Die Quellensteuerabkommen

Die Schweiz hat mit Österreich und Grossbritannien je ein Quellensteuerabkommen abgeschlossen. Der primäre Zweck dieser Abkommen ist vereinfacht gesagt sicherzustellen, dass natürliche Personen in Grossbritannien und Österreich auch in Zukunft Gelder anonym bei Schweizer Banken halten können und trotzdem deren Besteuerung im Wohnsitzstaat gewährleistet ist. Gemäss Abkommenstext sind sich die Vertragsstaaten einig, dass die Abkommen «in ihrer Wirkung dem automatischen Informa­tionsaustausch im Bereich der Kapitaleinkünfte dauerhaft» gleichkommen sollen. Da die internationalen Organisationen, wie beispielsweise die OECD, den automatischen Informationsaustausch als neuen Standard propagieren, ist offen, ob dem Konzept der Quellensteuerabkommen eine rosige Zukunft vorausgesagt werden kann.

Solange aber die Quellensteuerabkommen mit Österreich und Grossbritannien in Kraft sind, entfalten sie ihre Wirkung. In der allgemeinen Wahrnehmung stehen vor allem Banken in der Pflicht.
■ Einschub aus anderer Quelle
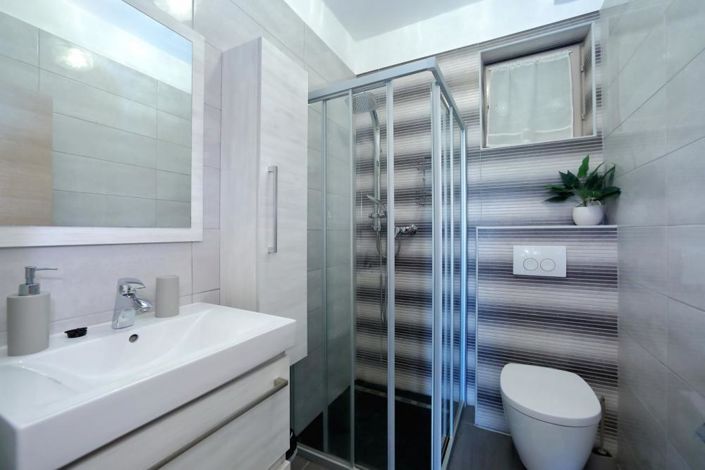 Image No.11-10 Bed Property for sale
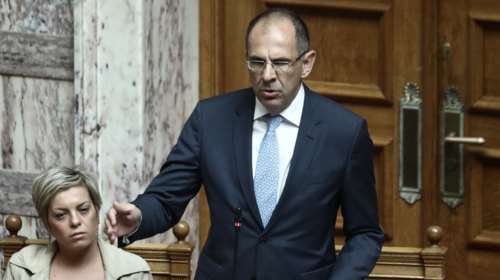 Νέα αντιπαράθεση στη Βουλή για το πακέτο διάσωσης της ΔΕΗ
Wie aber sogleich gezeigt wird, können auch Schweizer KMU im Zusammenhang mit der Ausschüttung von Dividenden betroffen sein.

Die Funktionsweise der Quellensteuerabkommen

Betroffen von den Quellensteuerabkommen sind in erster Linie alle in Österreich oder Grossbritannien wohnhaften natürlichen Personen mit einem direkt oder indirekt gehaltenen Bank- oder Wertschriftendepot in der Schweiz. Die Schweizer Zahlstellen ziehen für Kapitaleinkünfte und Erbschaften eine Quellensteuer ab («Altlasten» mussten mit Wirkung auf 31. Dezember 2012 bereinigt werden). Anschliessend überweisen die Schweizer Zahlstellen den abgezogenen Steuerbetrag der Eidgenössischen Steuerverwaltung («ESTV»), welche ihrerseits die Gelder an die zuständige österreichische oder britische Steuerbehörde weiterleitet. Mit der Zahlung der Quellensteuer haben die natürlichen Personen mit Wohnsitz in Österreich und Grossbritannien ihre Steuerschuld gegenüber ihrem Wohnsitzstaat anonym erfüllt beziehungsweise abgegolten. Alternativ zur Quellenbesteuerung steht ihnen die freiwillige Meldung offen, das heisst, die erzielten Kapitalgewinne und Erträge werden den zuständigen Steuerbehörden im Ausland gemeldet.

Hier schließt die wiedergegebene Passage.